Zimory Public Cloud is effectively an online marketplace, where buyers and sellers of computing resources are brought together. According to the Berlin-based company, Zimory Public Cloud offers organisations "instant access to external computing power worldwide, while also enabling businesses with excess server capacity to offer their resources to businesses around the world."

"The initial idea was to take resources when they are not used, and aggregate them to new tasks, where it doesn't matter if they are from different providers," said CEO Dr Behrend Freese. Companies therefore with an excess of server capacity can offer it worldwide through the trading platform. But companies in need of extra computing capacity can also buy capacity, as needed, without a long-term contractual commitment. Zimory handles the pricing, contracts, security, virtual machine migration and billing.

"Big enterprises have huge problems on the infrastructure cost sides, where they have under-utilised capacity, and they don't have many choices to save money in the data centre," Dr Freese told Techworld.

"This offering helps them to monetise their infrastructure, and the service is a hop on and hop off approach for resources."

Indeed, Zimory says that creating a Zimory Public Cloud account ‘is no more difficult than creating a Gmail account'. Once an account is created, the user selects an operating system or a complete appliance. Zimory lets them select from a range of appliances from a simple Linux or Windows image to fully-configured application stack, i.e. a Wiki, a CMS system or a LAMP stack.

Zimory also allows users to see, evaluate and select their partner, based on their individual and personal requirements. For example, they can select the geographical location of the physical data centre, its certifications or security ratings, plus the quality of the service (i.e. Bronze, Silver and Gold SLAs). This selection can be changed with no lock-in.

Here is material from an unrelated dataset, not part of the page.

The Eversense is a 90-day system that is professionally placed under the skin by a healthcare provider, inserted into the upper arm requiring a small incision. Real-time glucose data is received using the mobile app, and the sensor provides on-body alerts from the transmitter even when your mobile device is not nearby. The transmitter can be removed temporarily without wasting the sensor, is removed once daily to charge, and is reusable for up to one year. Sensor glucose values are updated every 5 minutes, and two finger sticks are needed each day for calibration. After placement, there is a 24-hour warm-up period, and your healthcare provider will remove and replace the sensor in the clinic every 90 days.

To finish the setup, users simply press start and the computing resource is apparently ready in a matter of minutes. "You just create a virtual machine on the infrastructure, and any bottleneck is usually your connectivity," said Dr Freese.

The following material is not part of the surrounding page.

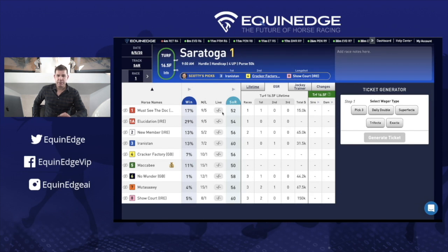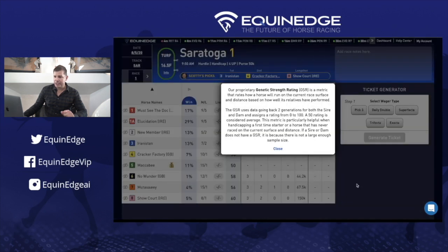Hi everybody, I'm Scotty McKeever from Equine Edge, and I'm going to help you with the GSR — the Genetic Strength Rating. The GSR is our proprietary metric that rates how a horse will run on the current surface and distance based on how well its relatives have performed. It goes back two generations.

Zimory employs 50 people and is "still hiring". The company itself is a spin-off of Deutsche Telekom Laboratories (a German equivalent of Xerox Parc).

Two months ago it launched Zimory Enterprise Cloud, which combines existing different virtual servers into a homogeneous computing cloud. This allows data centre managers to easily move applications, within a single or multiple locations.

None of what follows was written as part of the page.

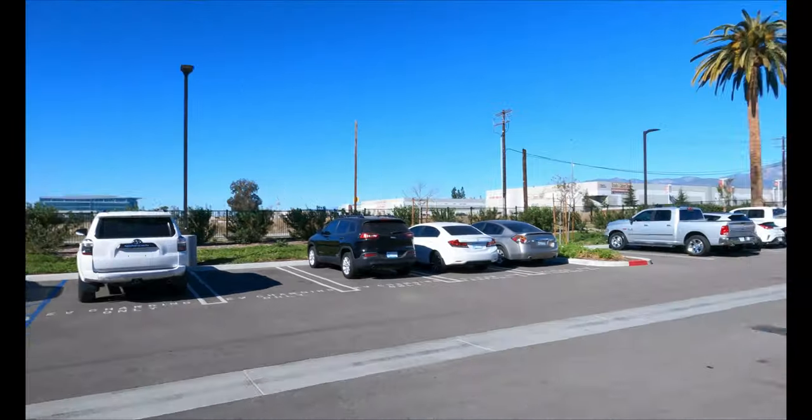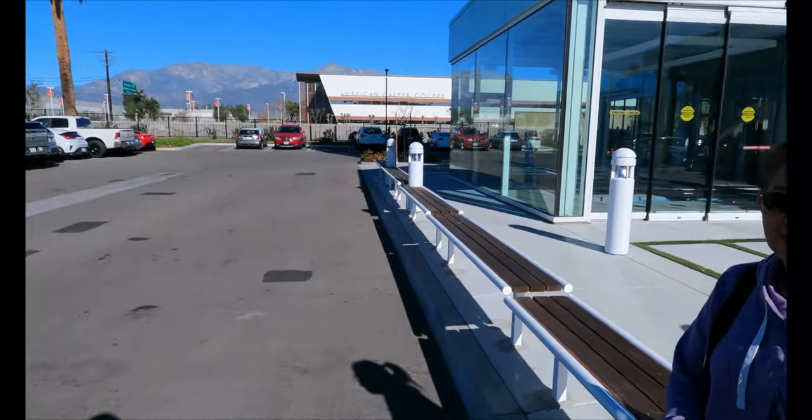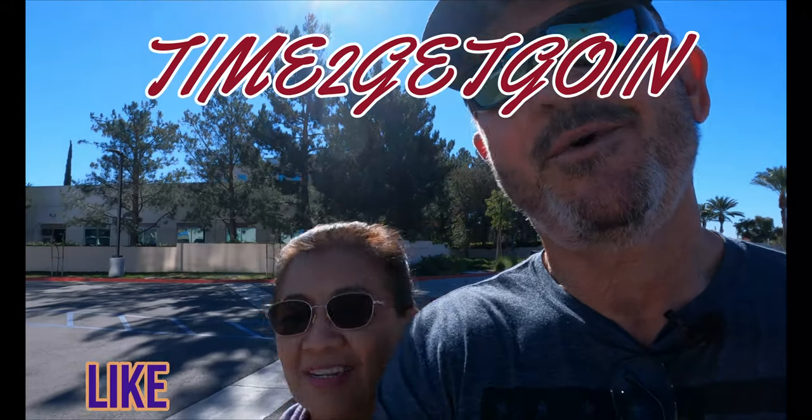Jai is over here waiting on me. What do you think, Jai? It's been here a year at least, maybe two. You told me they're from Tempe, Arizona. Hope you like our content. If you reach right down here and smash that like and subscribe button, we'd appreciate it. Help our channel. This is Bobby and Jai with time to get going.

Zimory's offering depends heavily on virtualisation technologies, and can deploy its small footprint agent onto hosts not running virtualisation technologies. "We support well known brands of virtualisation such as Zen, VMware, KVM, and will support Hyper-V and Parallels as well," said Dr Freese. But he does not see Zimory as being in competition with existing cloud vendors such as IBM's Computing on Demand services, Amazon EC2, EMC's Maui, or Sun's Grid.

"We can connect to other cloud vendors such as Amazon's EC2 cloud," he said. "We see Amazon and IBM as providers, not competition."

According to Dr Freese, 150 companies have so far tested the Public Cloud, and "we are talking to a dozen or so large DC providers for the Enterprise Cloud."

There is no word on exact pricing yet, with the company expected to release SLA pricing next week. "Those requiring strong SLAs opt for the gold standard, which is certainly expensive, but if price is an issue, then users will opt for bronze, but the security and SLA is not as strong," said Dr Freese. "Bronze will cost a little bit higher than Amazon's cloud, but the silver and gold SLAs is going to be a good bit above."